Et comment tu es arrivée à cet art de rue « revendicatif » ?
LOR-K : J’ai essayé de trouver ce qui manquait au street art, enfin à l’art urbain…je ne suis pas très fan de la dénomination « street art » pour ce que je fais. C’est en voyant tous ces objets abandonnés dans la rue que je me suis aperçu que les parisiens jetaient beaucoup. Ayant des affinités avec l’espace urbain et appréciant le fait de manipuler la bombe, je me suis dis qu’il y avait surement  moyen de mixer les 2. Faire de grandes sculptures que je ne serais pas contrainte de ramener chez moi et garder la photographie pour les immortaliser.

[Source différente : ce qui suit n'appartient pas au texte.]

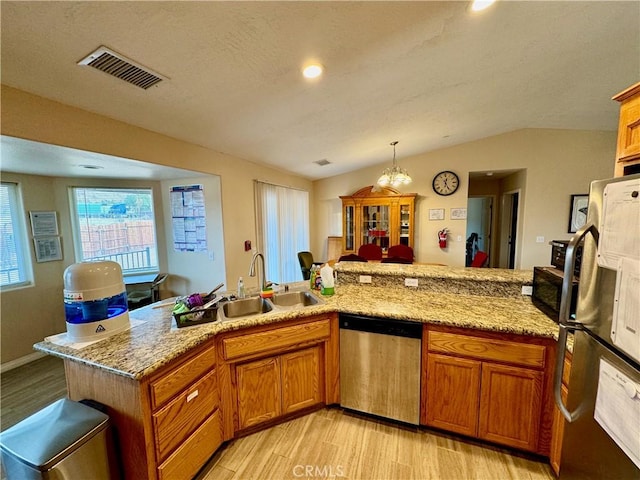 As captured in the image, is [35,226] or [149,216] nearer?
[35,226]

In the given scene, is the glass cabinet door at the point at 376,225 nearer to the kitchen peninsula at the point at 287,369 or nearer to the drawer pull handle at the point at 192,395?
the kitchen peninsula at the point at 287,369

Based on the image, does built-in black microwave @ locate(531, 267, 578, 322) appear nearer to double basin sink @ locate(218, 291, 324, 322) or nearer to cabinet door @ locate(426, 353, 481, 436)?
cabinet door @ locate(426, 353, 481, 436)

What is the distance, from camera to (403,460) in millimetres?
1617

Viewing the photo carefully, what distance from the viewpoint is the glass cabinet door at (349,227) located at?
18.1 ft

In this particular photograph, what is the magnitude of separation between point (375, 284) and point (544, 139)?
4.36 m

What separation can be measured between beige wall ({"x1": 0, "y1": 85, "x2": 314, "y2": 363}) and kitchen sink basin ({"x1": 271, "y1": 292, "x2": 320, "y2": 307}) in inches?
57.4

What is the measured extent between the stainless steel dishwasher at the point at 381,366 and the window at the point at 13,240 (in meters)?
3.70

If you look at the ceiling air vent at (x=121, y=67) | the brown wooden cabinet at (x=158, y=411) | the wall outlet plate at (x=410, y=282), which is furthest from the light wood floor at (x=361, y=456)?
the ceiling air vent at (x=121, y=67)

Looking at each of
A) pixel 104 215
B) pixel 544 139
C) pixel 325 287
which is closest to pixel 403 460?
pixel 325 287

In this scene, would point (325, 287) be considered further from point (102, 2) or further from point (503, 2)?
point (503, 2)

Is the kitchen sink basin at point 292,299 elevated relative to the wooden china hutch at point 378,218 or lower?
lower

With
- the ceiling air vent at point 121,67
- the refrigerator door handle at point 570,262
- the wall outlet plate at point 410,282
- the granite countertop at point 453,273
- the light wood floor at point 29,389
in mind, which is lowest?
the light wood floor at point 29,389

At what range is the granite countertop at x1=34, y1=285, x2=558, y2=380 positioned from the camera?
4.21 ft

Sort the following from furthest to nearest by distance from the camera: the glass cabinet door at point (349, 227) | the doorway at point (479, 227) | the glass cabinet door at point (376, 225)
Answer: the doorway at point (479, 227) → the glass cabinet door at point (349, 227) → the glass cabinet door at point (376, 225) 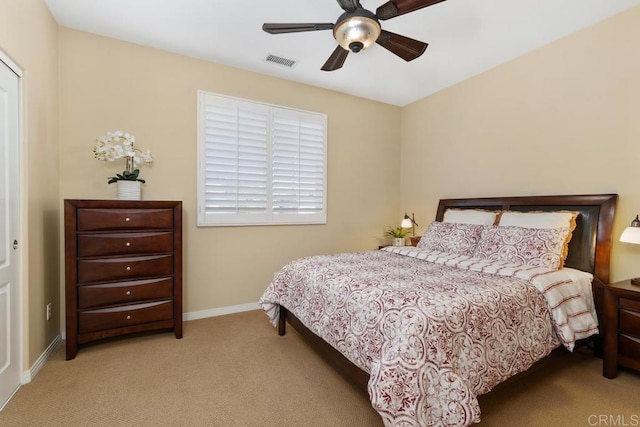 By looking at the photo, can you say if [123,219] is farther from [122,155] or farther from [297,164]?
[297,164]

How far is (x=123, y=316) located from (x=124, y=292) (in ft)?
0.67

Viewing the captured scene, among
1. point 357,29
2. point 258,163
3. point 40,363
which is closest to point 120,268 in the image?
point 40,363

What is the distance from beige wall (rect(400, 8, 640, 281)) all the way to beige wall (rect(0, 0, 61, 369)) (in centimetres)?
420

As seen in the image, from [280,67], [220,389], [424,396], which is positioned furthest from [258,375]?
[280,67]

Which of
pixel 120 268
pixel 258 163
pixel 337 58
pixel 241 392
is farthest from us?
pixel 258 163

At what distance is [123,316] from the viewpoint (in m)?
2.62

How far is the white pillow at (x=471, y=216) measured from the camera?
3.23 meters

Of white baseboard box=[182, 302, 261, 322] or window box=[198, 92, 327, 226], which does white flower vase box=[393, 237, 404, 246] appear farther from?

Surtout que les gens commencent à ne plus faire attention aux œuvres murales, y’en a tellement ! Personne n’intervenait en 3D. L’art urbain c’est trop limité au mur. Donc je me suis dis qu’il y avait peut être un autre jeu à mener avec la rue, sans l’attrait du mur. Et l’art mural c’est devenu un style vendeur, les artistes reproduisent pour réussir à vendre. On est vite catalogué dans la case street art. Il suffit de taffer dehors, de posséder une veste Adidas et une paires de NIKE pour  correspondre au cliché. Ça c’est tellement démocratisé, qu’aujourd’hui même les grandes marques de meuble estampillent des décos « street».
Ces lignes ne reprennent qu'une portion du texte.